Snowbear, thank you for the C&C. My most common error is to miss the little things but in this case her beauty mark is part of her and I was hesitant to remove it. These images are for her (and the make-up artist) as much as they are for me. 



JFC said:


> All in man.. bring 'em out... lol .  U need assistance bringin' the bags, etc or whatever.... ??  i'll join then.  Love to all things related wif beauty.
> btw for the model : Model : Erica Alexandra, where u put the lighting?  in lower left or right ? or none used?   since i saw in the photo looks like shade area there.

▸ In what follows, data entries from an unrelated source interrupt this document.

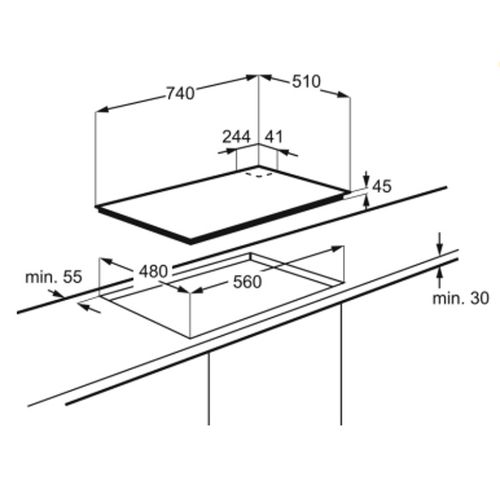‏כיריים גז 5 להבות זכוכית AEG דגם HKB75550NB א.א.ג.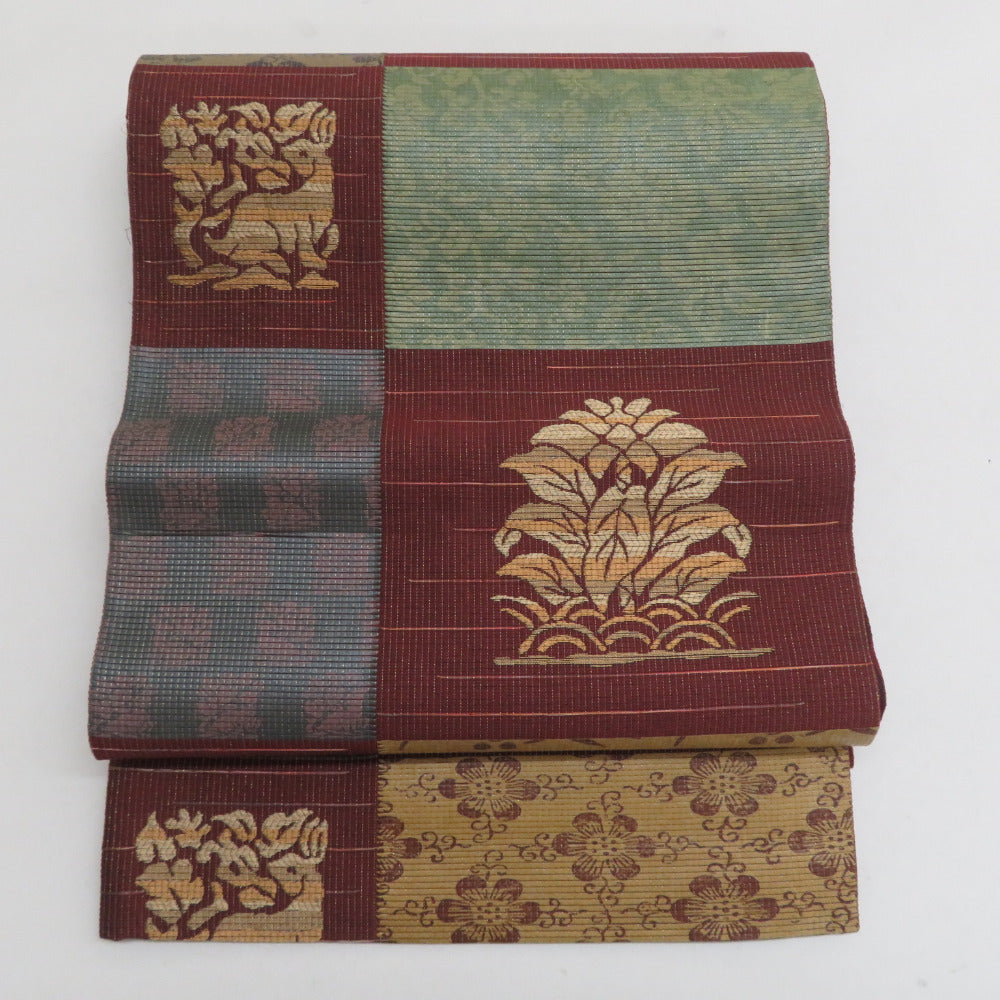 袋帯 全通柄 纐纈 膨れ織 赤色 黒色 抽象 正絹 カジュアル 着物帯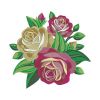 Enchanting Pink and White Rose Flowers Embroidery Design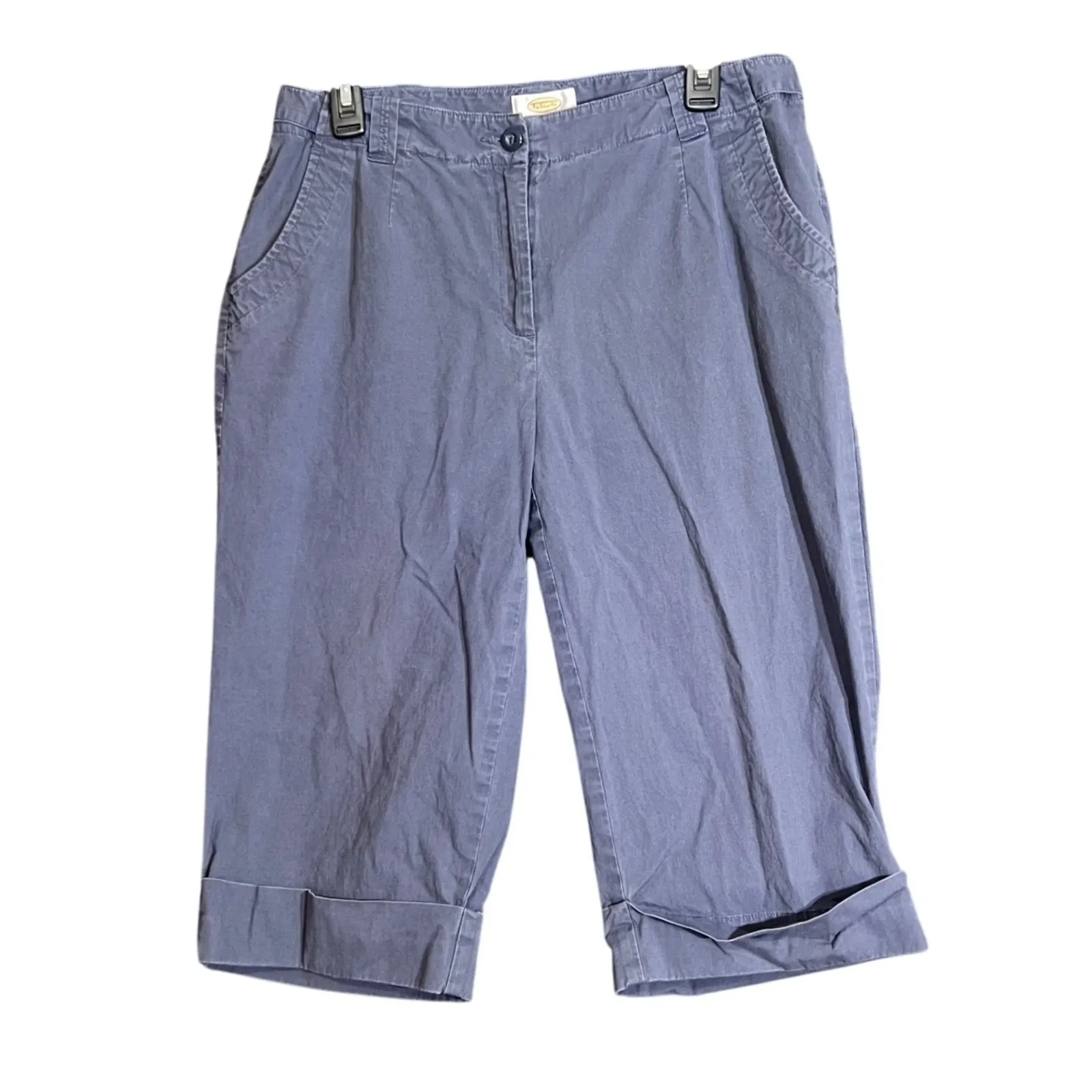 Talbots Stretch Capri Pants Womens 12W Petites Blue Casual Rolled Cuffs Summer - Image 2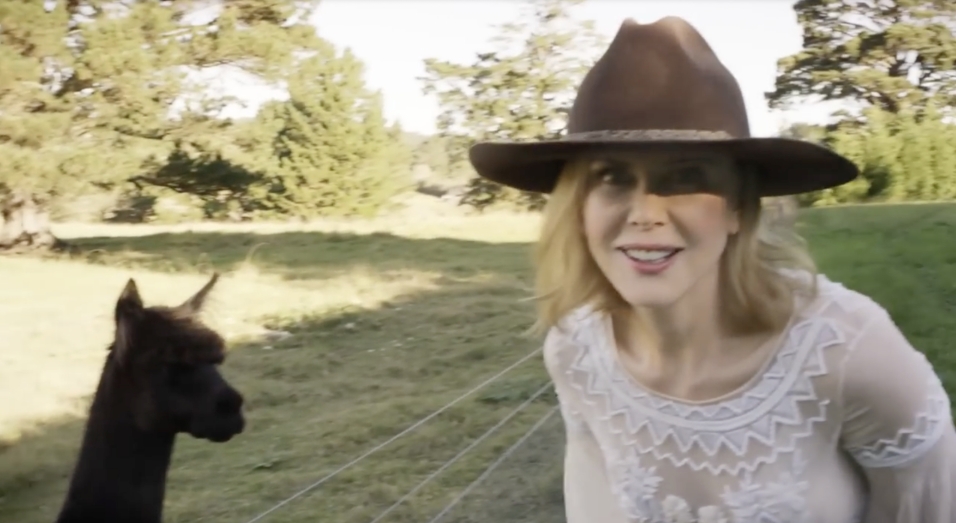 Wearing her wide-brimmed hat, Nicole Kidman greets one of the farm’s alpacas — a playful nod to her favorite part of the property. From a video dated July 20, 2015. | Source: YouTube/Vogue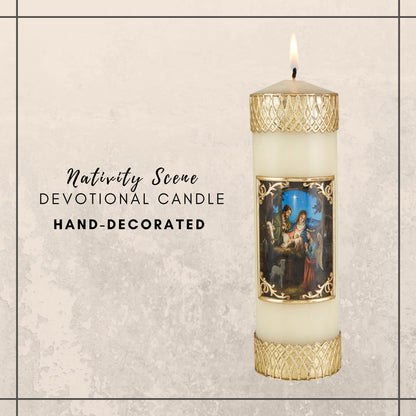 Needzo Gold Tone Nativity Scene Ornate Pillar Candle for Christmas Mass Decoration or Holiday Candles for Homes, Mantels or Centerpieces, 7.75 Inches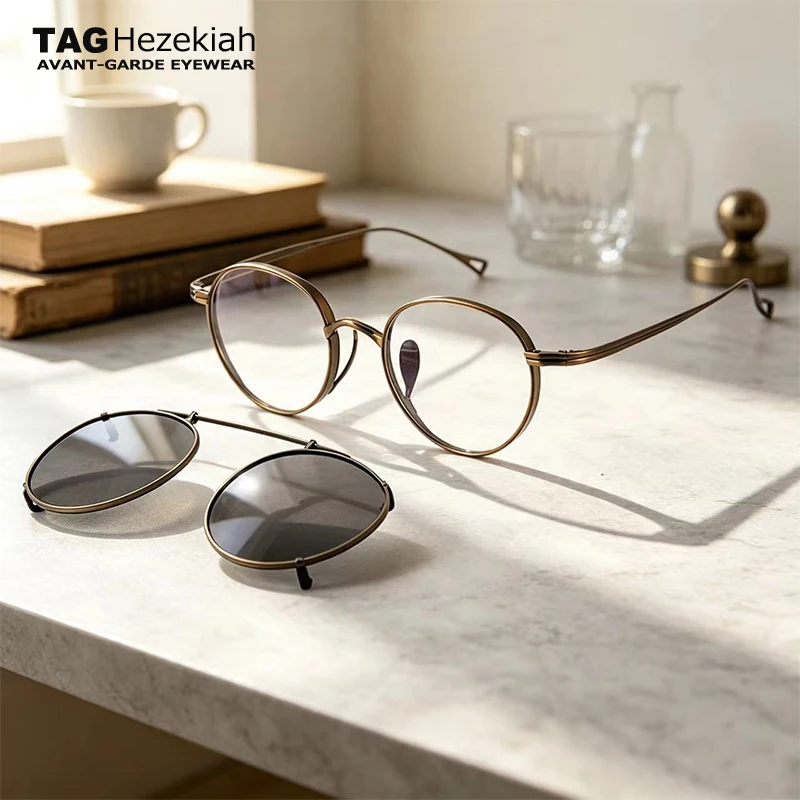 2027 titanium Elliptical glasses Frame men Fashion high quality Polarized Sunglasses Clip driving women Vintage Brand Eyeglasses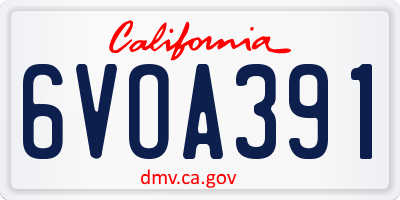 CA license plate 6VOA391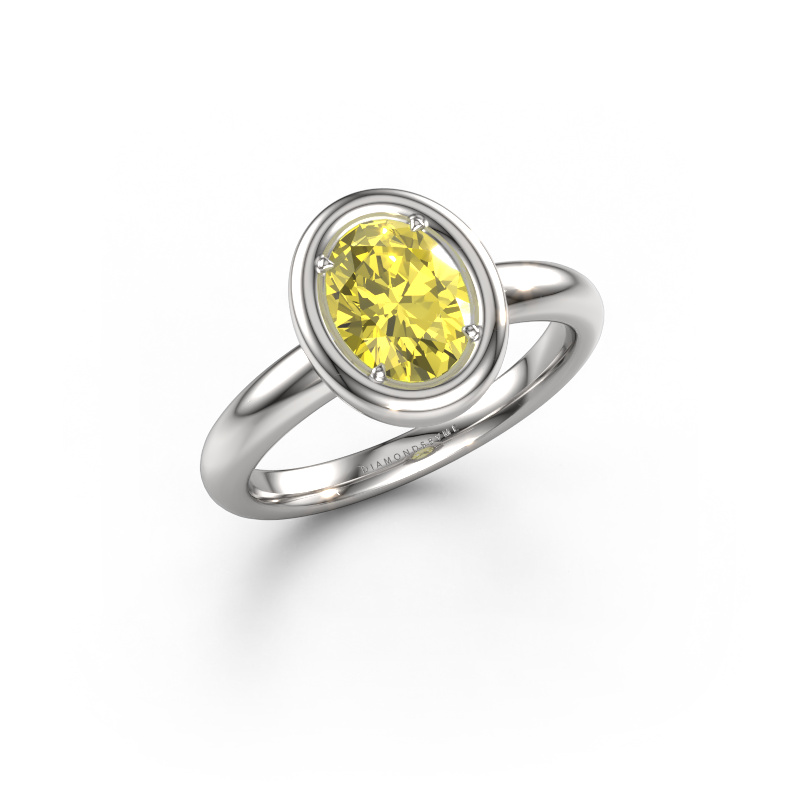 Bild von Verlobungsring Noa OVL 950 Platin Gelber labordiamant 8x6 mm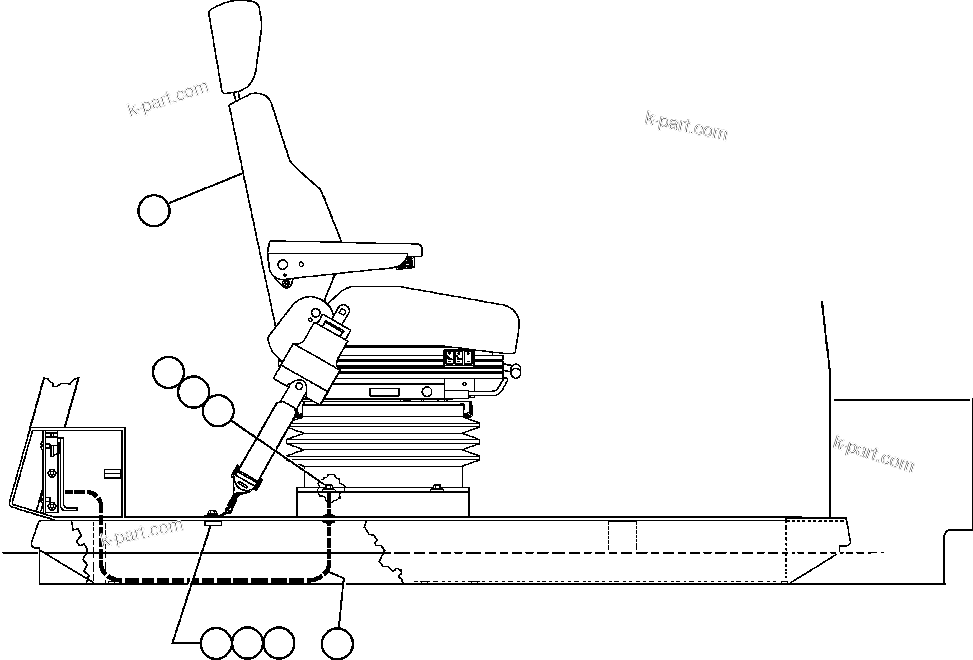 Komatsu parts book diagram for AFE57-C 830E-AC S/N A30005 & A30009-A30010 & A30012-A30013         MINERA HUASCO (CMH): OPERATOR'S SEAT INSTALLATION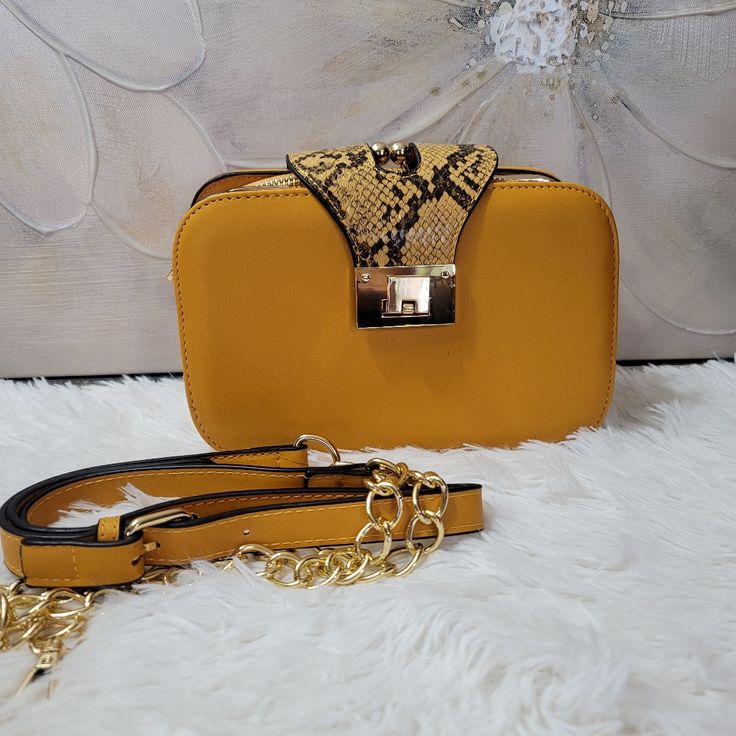 Every Detail Of The Shoulder Bag Is Carefully Designed With 3 Separate Compartments Made With Soft Synthetic Leather, Plain Color Fabric Lining Dimension: 8.5 "(L) X 3" (W) X 5.6 "(H) Inches. Comes With Detachable 48" Shoulder Drops. Gold Box Bag With Detachable Strap, Yellow Satchel With Adjustable Strap For Evening, Yellow Box Shoulder Bag For Evening, Yellow Shoulder Box Bag For Evening, Trendy Yellow Bag For Formal Occasions, Trendy Yellow Formal Bag, Trendy Yellow Formal Bags, Yellow Shoulder Bag With Detachable Strap For Party, Yellow Evening Shoulder Box Bag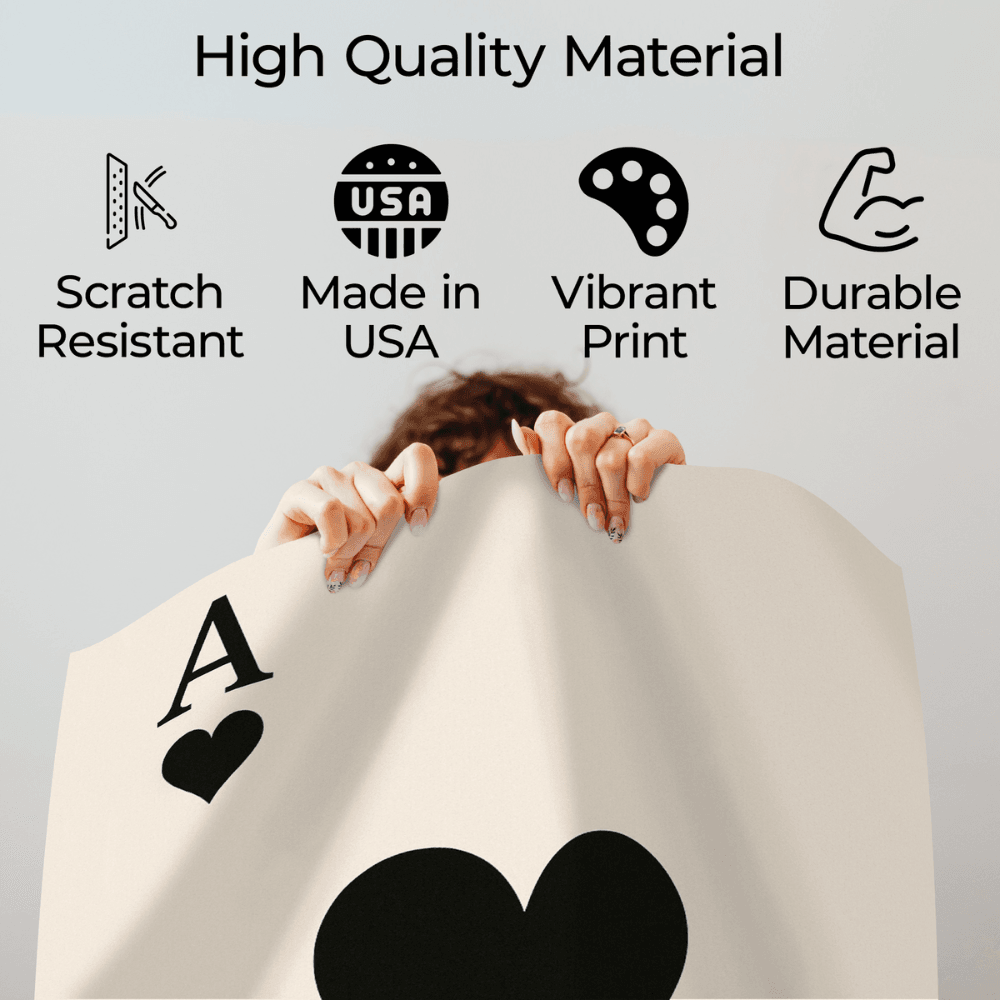 Wownic Feelin Lucky poster quality guide showing scratch-resistant material, Made in USA, vibrant print and durable construction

No lighting other than a reflector 

Here she is again!

Model : Erica Alexandra
MUA: Cali Nguyen




_POR1743 by WSG Photography, on Flickr


----------



## snowbear (Jul 31, 2012)

As with anything, if the customer wants something a certain way, so be it!  A wonderful job, from an amateur's viewpoint.


----------



## cgipson1 (Jul 31, 2012)

All very nicely shot, Bill! My one real "ouch" is ms. Babi  in the outdoor shot by the fence. The light across her shoulder is just too harsh! Even with that... it is a nice shot, but that keeps it from excelling!


----------



## Trever1t (Jul 31, 2012)

Yes, I agreee, it is one that I am not very happy with for that reason. Unfortunately it was the best of the lot and I don't think i have much more of that little cutie.


----------